Pues ya nosotros, muy advertidos, con el interés del ciervo, le
aprendimos las querencia, y los sitios por donde andaba y las ciervas que
llevaba, y cuando acababa con una cuadrilla de hembras, porque ya no querían
macho, pues se iba con otras, y si la querencia de estas era ir por otro sitio,
allí se iba, y nosotros detrás. Iba cambiando de sitio, y nosotros lo íbamos
siguiendo, siguiendo. Y le aprendimos hasta el berrido. Y como estaba cercana
la venida del Caudillo, pues pusimos todo el interés en tenerle bien
localizado.
Por esos días ya la berrea iba muy avanzada, que esto era por el 20 de
septiembre y
el ciervo estaba muy emperrado: había tomado muchas ciervas y estaba muy
emperrado, y se estaba en el llano del pantano hasta que le calentaba el sol, y
entonces se iba subiendo por las sombras y se metía buscando el frescor de la
islilla, al pie de Cabeza de la Viña.
Por eso, la idea que tenía don José María era poner al Caudillo al filo
del Castillo antes de que amaneciese, y como el bicho pasaba la noche en el
llano, al venir a recogerse, ahí lo mataba.
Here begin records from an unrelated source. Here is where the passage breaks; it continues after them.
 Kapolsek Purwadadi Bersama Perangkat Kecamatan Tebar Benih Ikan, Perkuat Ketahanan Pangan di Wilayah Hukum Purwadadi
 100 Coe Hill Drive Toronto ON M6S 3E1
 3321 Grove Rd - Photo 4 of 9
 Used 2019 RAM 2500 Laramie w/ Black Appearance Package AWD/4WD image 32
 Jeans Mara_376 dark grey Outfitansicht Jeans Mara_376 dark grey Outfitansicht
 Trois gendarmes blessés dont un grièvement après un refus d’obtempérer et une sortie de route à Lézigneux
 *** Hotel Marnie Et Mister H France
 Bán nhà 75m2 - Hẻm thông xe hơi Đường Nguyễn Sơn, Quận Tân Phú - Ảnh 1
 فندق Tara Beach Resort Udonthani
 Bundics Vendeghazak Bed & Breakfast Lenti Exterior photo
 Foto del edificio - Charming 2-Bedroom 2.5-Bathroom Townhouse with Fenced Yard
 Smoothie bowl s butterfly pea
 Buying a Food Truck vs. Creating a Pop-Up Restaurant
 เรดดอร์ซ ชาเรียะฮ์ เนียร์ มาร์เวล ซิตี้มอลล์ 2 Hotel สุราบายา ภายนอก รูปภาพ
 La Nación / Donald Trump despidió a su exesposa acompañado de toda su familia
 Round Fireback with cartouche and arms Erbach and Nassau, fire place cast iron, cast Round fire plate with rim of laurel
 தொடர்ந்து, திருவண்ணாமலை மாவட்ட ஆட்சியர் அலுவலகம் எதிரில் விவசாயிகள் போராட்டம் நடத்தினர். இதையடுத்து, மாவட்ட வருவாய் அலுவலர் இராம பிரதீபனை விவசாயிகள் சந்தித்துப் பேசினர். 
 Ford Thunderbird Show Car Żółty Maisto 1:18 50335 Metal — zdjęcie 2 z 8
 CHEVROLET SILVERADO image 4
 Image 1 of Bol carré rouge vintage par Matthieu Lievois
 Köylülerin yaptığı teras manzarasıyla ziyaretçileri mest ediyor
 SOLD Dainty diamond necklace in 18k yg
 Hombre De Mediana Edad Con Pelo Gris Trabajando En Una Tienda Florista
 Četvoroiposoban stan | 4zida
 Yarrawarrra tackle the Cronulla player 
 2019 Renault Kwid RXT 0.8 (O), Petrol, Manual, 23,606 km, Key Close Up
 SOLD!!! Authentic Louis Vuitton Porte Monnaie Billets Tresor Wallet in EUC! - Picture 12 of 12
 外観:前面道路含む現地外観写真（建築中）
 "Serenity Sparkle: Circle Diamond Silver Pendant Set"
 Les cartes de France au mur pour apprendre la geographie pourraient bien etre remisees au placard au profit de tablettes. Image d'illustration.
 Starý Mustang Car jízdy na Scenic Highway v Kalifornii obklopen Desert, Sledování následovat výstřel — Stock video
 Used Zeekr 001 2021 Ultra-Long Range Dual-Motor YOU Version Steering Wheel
Pero ocurrió que, con las idas y venidas de la gente de arreglar un
puesto para que se pusiera el Caudillo, el ciervo se chanteó, y yo lo vi cómo
se iba subiendo al Cerro del Almendral, cuando iba trasponiendo a meterse en el
monte. Desde lejos lo estuve viendo con los prismáticos.
Zapeado de aquel día, era muy raro que viniera al día siguiente, que
era cuando tenía anunciada la llegada el Caudillo. Y yo no esperaba que
volviera el ciervo, pero me dijeron que pusiera al Caudillo al pie del
castillo, y así lo hice. Era muy de mañana e íbamos los dos solos, y yo llevaba
los dos rifles, el catrecillo, la ropa de agua. Y estaba lloviznando y con
neblinas. Y oíamos berrear al venado allí muy cerquita, que había muchos otros
berreando también, pero el berrido del grande lo distinguía yo bien del de los
demás.
Se agarró a llover un poco fuerte, y luego se levantó aire, ya
queriendo amanecer. Y empezaron los venados y las ciervas a retirarse buscando
el monte, y el berrido del venado grande se oía cada vez más lejano, en
dirección a la torreta de piedra que hay en la lomilla, junto al regajo, que
hay allí unos robles muy grandes en la barranca.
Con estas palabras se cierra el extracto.